The only “campaign” the NSW unions intend to conduct is several months of personal appeals to O’Farrell and other members of parliament to desist from side-lining the IRC. At the same time, they are desperately trying to use O’Farrell’s law to rebuild support for the Labor Party, at both the state and federal level, and channel growing discontent back into the safe channels of electoralism and the moribund two-party system.
The ACTU’s Lawrence read a letter to the rally from Prime Minister Julia Gillard, presenting her as a champion of the “independence” of the industrial courts. Gillard’s letter declared that “of course” there had to be “efficiency”―that is, cost-cutting―in the public sector.
Lawrence concurred with Gillard’s position that the NSW legislation was a prototype of what a future federal Liberal government would implement, and thus a clear argument for why workers should support Labor. The unstated message of all the speeches and union-led chants was that all workers could really do was to wait for the next state election in 2015, and re-elect the ALP.
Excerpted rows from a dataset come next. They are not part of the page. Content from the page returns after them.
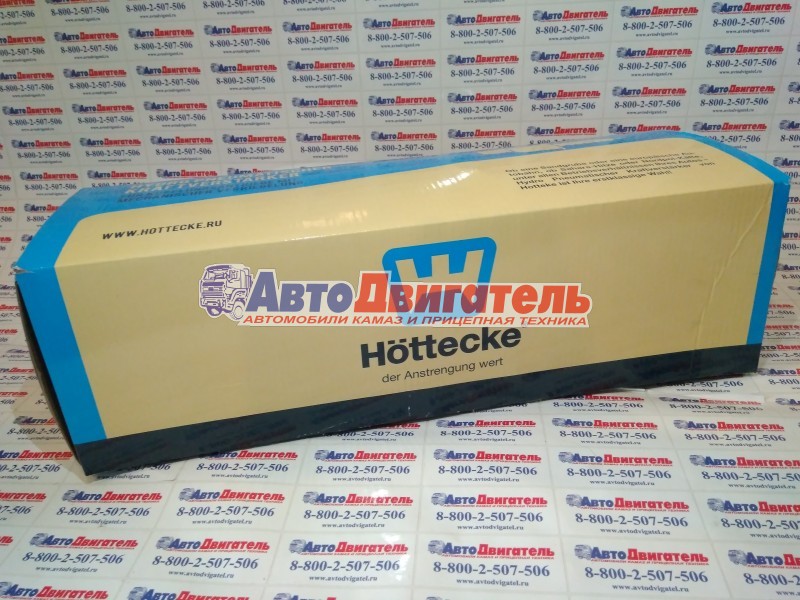 ПГУ HTF-S423, 9700514230 H?TTECKE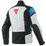 Dainese Tonale D-Dry Jacket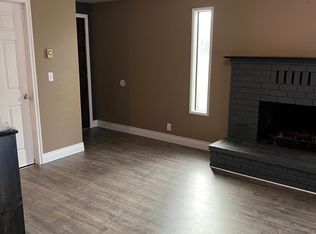 5035 D St, Springfield, OR 97478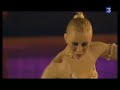 2007 courchevel christmas exhibition
gala de no�l courchevel 2007
oksana baiul 1
the swan lake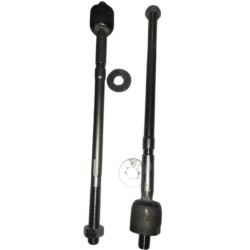 Terminal Interno (rotula) Toyota Corolla 93/98 Baby Camry 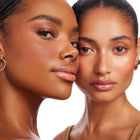 Laguna Beach - Balanced Portable Cheek Essential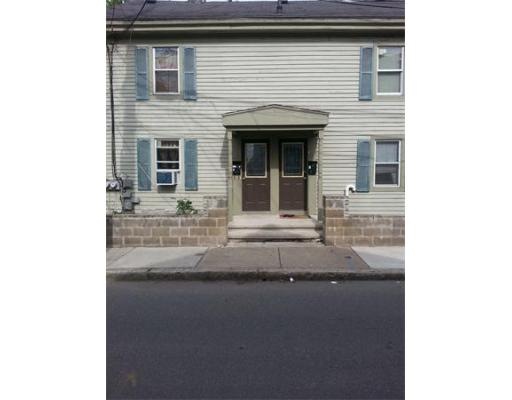 10 Allen Ct, Somerville, MA 02143 - photo 1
That this message was left unstated due to the obvious hostility of the rally participants to the NSW Labor Party was revealed when it became clear that Lennon was preparing to invite Labor’s new state leader, former union official John Robertson, to address them. As Robertson emerged onto the platform, he was greeted with catcalls of “traitor” and demands that he “get off the stage.” Undoubtedly fearing an eruption of universal booing and jeering, the organisers asked Robertson to depart.
Socialist Equality Party members and supporters distributed many copies of the SEP’s statement “The political issues facing NSW public sector workers” at the demonstration, discussing with workers the international driving forces behind the federal and state government assault on wages and conditions, and the perspective necessary to fight it.
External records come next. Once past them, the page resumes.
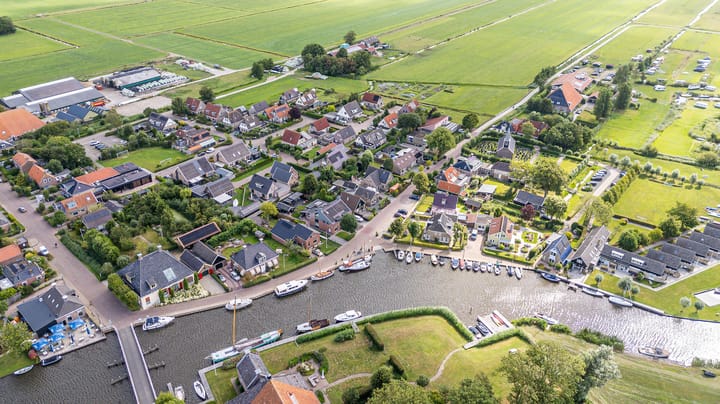 Photo 58 of Turfdyk 10-A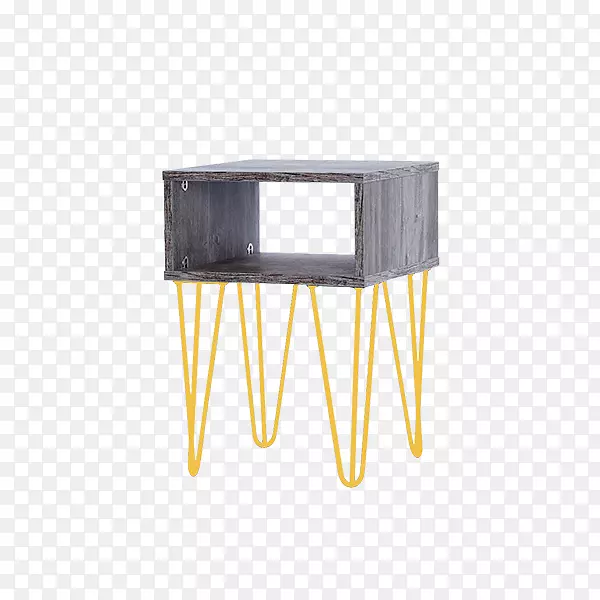 ��ɫ���α߱�-������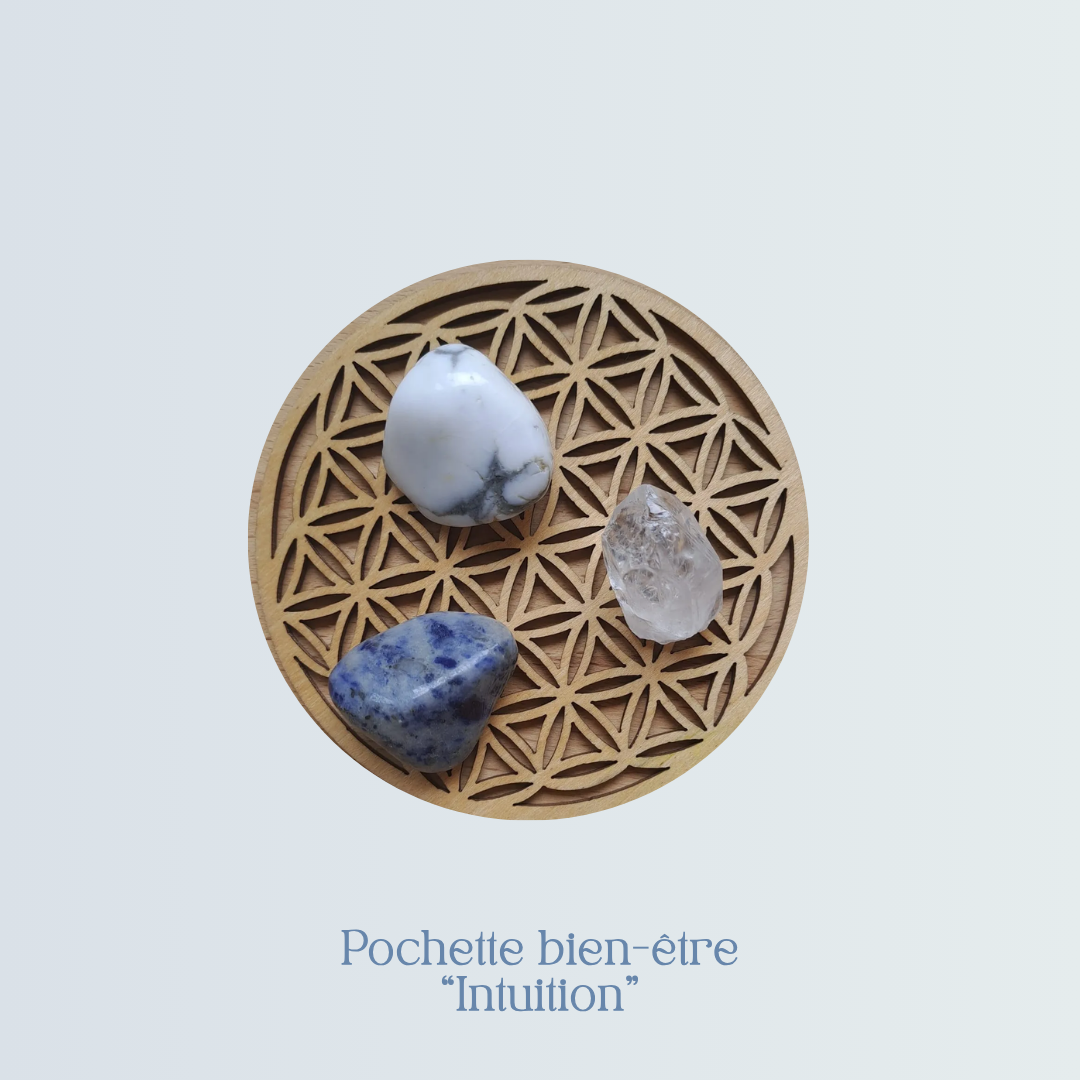 Pochette bien-être Intuition (1).png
O’Farrell’s move to bypass the IRC and the unions is a measure of his government’s concerns over how to meet the demands of the financial markets for massive cutbacks to spending. The global economic crisis is deepening, while the austerity measures being imposed on the working class in the US and Europe have created savage new benchmarks for international competitiveness. Not only are governments being instructed to cut wages and conditions even further, but also what remains of the social welfare state, and the public provision of health, education and other services are also to be slashed. This agenda is shared by the entire Australian political establishment―Labor and Liberal, the Greens and the trade unions.
In order to defend their interests, public sector workers must begin to organise independently of the trade unions and turn out to other sections of the working class facing similar attacks. The interests of the working class can only be taken forward by an independent political movement, based on a socialist and internationalist perspective, aimed against the capitalist profit system itself. This entails the fight for political power and the establishment of a workers’ government that will reorganise society to meet social need rather than private profit.